Take the line containing "Master Massage Newport" through the last line of the data and retype those lines exactly. Pictures do not belong in the copy.

==== The data ====

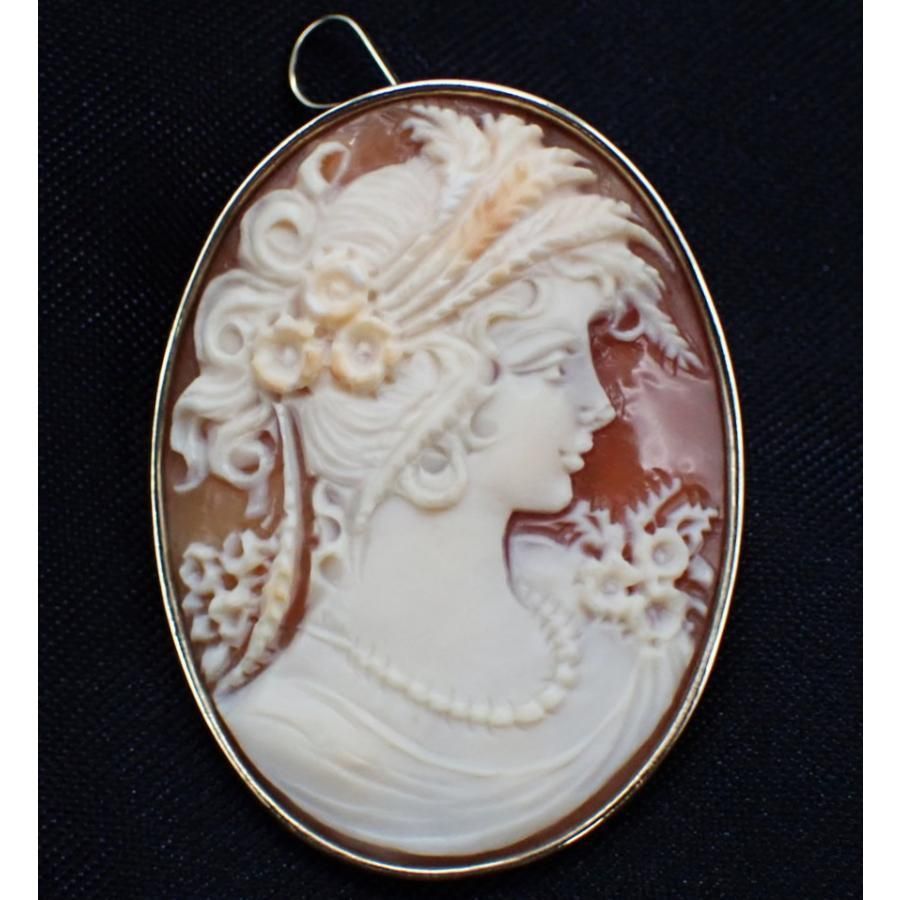 イタリア製 K14 貝カメオ ブローチ兼ペンダント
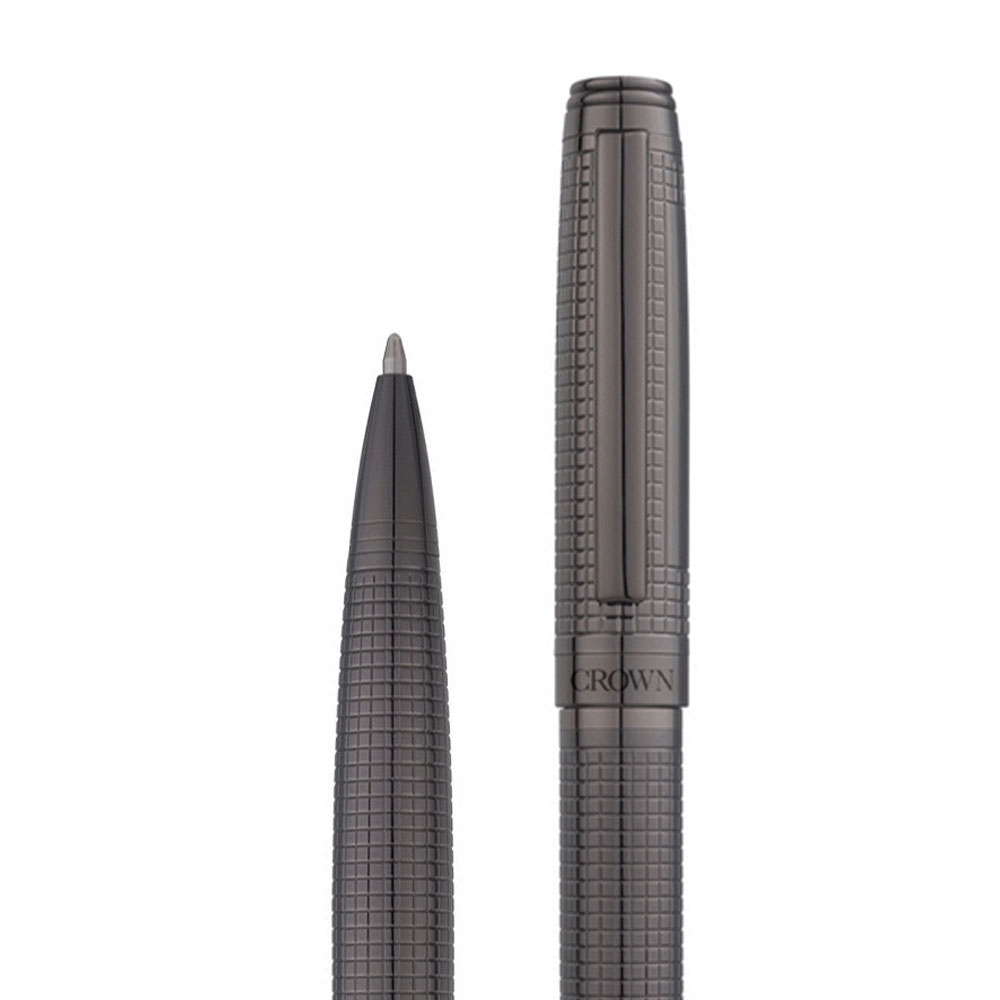 Foto 3 de Caneta crown esferográfica metal supreme fumê tinta azul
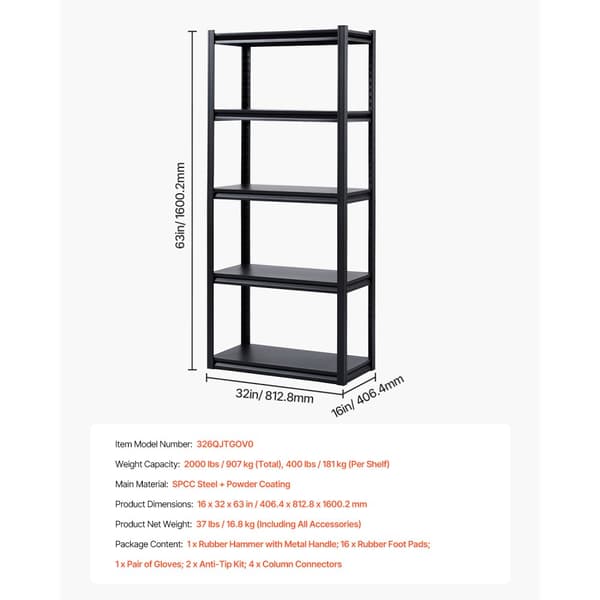 Opbevaringshylder 40cm D x 81cm B x 160cm H, 5-lags, Garageopbevaringsreoler, Robust Konstruktion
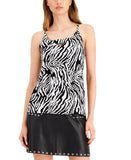 Bar III Womens Lined Printed Zip-Back Tank Top Zebra Black Multi S
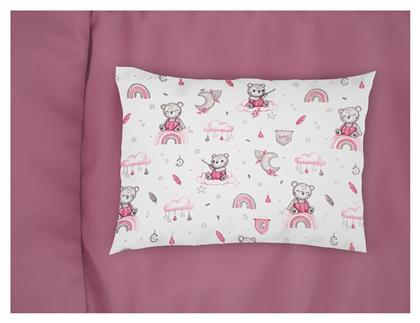 Παιδική Μαξιλαροθήκη από 100% Βαμβάκι 50x70εκ. White-pink Dimcol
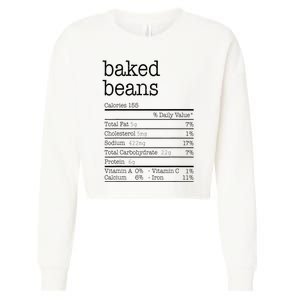 Baked Beans Nutrition Facts Funny Thanksgiving Christmas  Cropped Pullover Crew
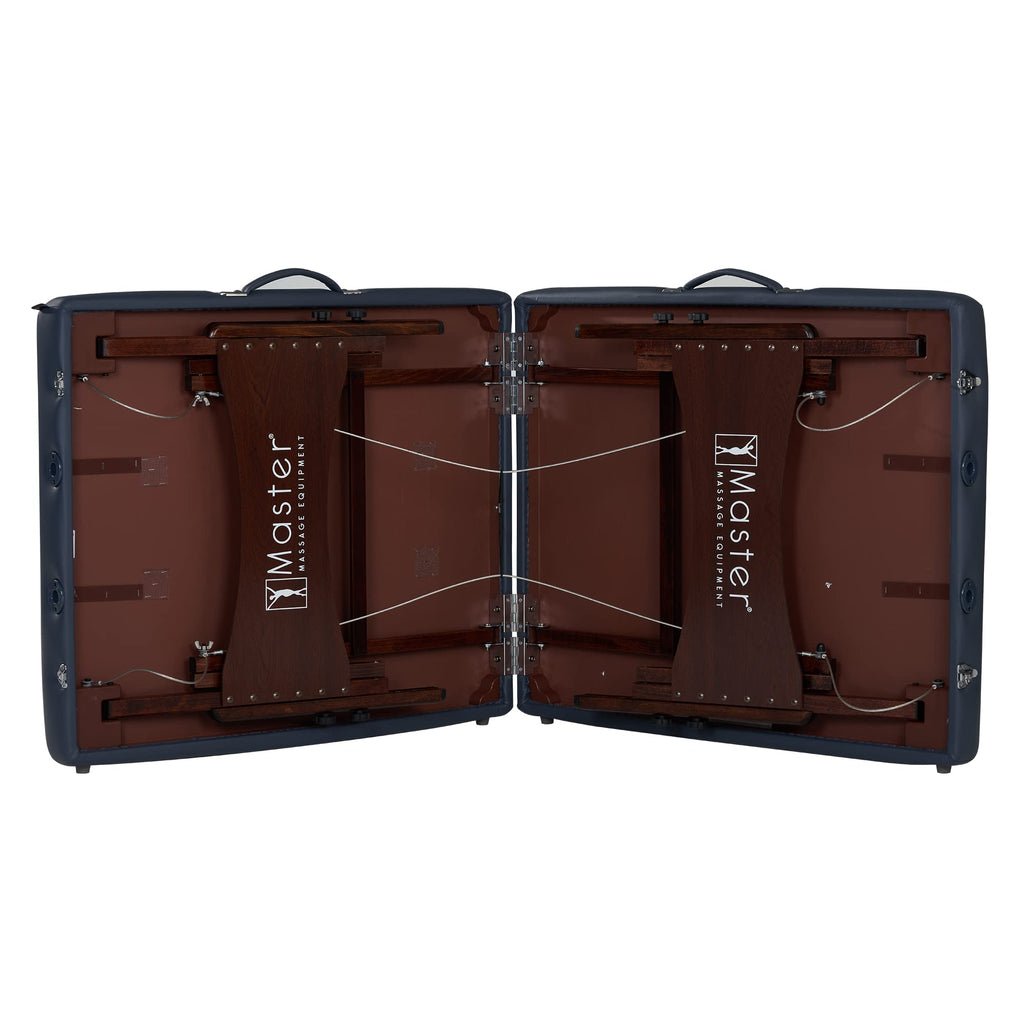 Master Massage Newport Portable Massage Table Package with Denser 2.5" Cushion, Walnut Stained Hardwood, Steel Support Cables, Pillows & Accessories, Royal Blue, 30"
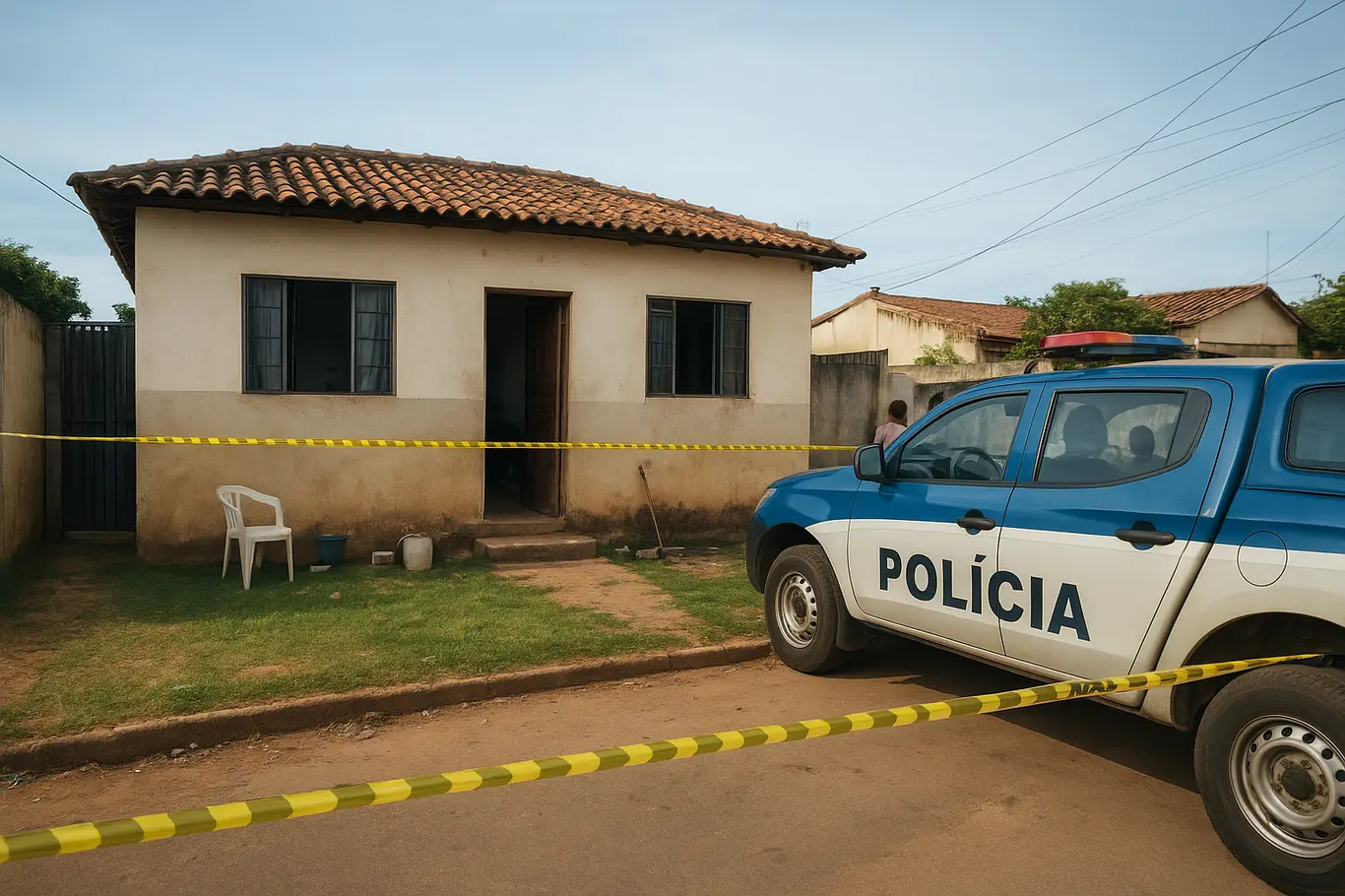 Fachada da casa com fita de isolamento e viatura policial, vizinhos desfocados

====

## Solution for this problem
 Master Massage Newport Portable Massage Table Package with Denser 2.5" Cushion, Walnut Stained Hardwood, Steel Support Cables, Pillows & Accessories, Royal Blue, 30"
 Fachada da casa com fita de isolamento e viatura policial, vizinhos desfocados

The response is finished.